It is hard to find a movement sequence in video footage that shows what I call the Ski Move from the optimal angle. In order to clearly see how a skier’s centre of mass rotates about the inside (uphill) edge of the inside ski and changes its position in relation to the inside ski when Shiffrin or Ligety start to step on it, the camera has to be looking at the racer head on. Since this sequence is almost impossible to find, I am going to try and create it in Poser.

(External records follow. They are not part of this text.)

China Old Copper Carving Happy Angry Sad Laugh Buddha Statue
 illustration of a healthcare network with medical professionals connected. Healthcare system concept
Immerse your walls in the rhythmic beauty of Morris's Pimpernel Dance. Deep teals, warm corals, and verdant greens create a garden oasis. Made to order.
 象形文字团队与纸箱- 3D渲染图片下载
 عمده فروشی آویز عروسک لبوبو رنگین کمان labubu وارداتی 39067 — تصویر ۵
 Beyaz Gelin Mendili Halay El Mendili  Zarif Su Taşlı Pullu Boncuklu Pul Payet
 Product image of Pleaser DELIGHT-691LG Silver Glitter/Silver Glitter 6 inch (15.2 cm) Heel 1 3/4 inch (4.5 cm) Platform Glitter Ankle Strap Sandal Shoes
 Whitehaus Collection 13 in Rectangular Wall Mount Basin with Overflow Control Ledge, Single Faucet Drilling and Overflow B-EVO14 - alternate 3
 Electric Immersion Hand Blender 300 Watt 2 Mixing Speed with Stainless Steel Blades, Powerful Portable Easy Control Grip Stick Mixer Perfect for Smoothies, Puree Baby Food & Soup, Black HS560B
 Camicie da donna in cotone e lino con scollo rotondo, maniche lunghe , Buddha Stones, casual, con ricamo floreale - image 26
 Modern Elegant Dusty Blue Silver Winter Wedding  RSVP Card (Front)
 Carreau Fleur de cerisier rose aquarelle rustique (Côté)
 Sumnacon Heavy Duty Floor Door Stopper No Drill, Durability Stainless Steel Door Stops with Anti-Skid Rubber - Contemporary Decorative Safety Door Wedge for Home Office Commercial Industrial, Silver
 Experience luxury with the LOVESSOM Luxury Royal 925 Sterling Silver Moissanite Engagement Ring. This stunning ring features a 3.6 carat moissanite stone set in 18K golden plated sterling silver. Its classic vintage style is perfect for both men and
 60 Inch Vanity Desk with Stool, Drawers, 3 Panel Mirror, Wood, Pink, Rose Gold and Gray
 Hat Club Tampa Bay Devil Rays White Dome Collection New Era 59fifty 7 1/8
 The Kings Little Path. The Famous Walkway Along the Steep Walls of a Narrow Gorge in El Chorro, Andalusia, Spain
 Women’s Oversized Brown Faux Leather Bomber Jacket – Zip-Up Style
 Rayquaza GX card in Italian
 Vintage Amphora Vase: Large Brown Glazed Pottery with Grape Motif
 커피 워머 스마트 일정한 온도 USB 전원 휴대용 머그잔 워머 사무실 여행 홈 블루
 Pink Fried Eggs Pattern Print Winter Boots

The marked up sequence in the photo below shows how Shiffrin’s center of mass starts to rotate about the inside edge of her inside ski and into her new turn as she progressively steps on her new ski during the transition phase. As she does this, a point will be reached where her inside ski flattens on the snow. But it does not stop rotating at this point. Shiffrin’s momentum and the pressure she is applying to the ski cause it to change edges and begin to rotate into the new turn. As this is happening, Shiffrin is extending and moving forward in the hips. This drives the centre of pressure to the ball of her foot. The foot pronates and reinforces the rotation of the ski into the new turn. The circled images show where this happens. As Shiffrin’s foot pronates and the forces she is applying rotate her left ski into the new turn, she applies another layer of in-phase rotation with her hip rotators. These synchronized actions produce an over-centre mechanism that rotates her ski in multiple planes into the new turn.
There is a common perception that racers let their outside ski create all the turning effects. But the pivoting Shiffrin and Ligety apply at this key moment does much more than simply rotate the ski into the turn. It creates powerful forces that engage the external forces to drive the outside ski into the turn while creating a platform to balance on.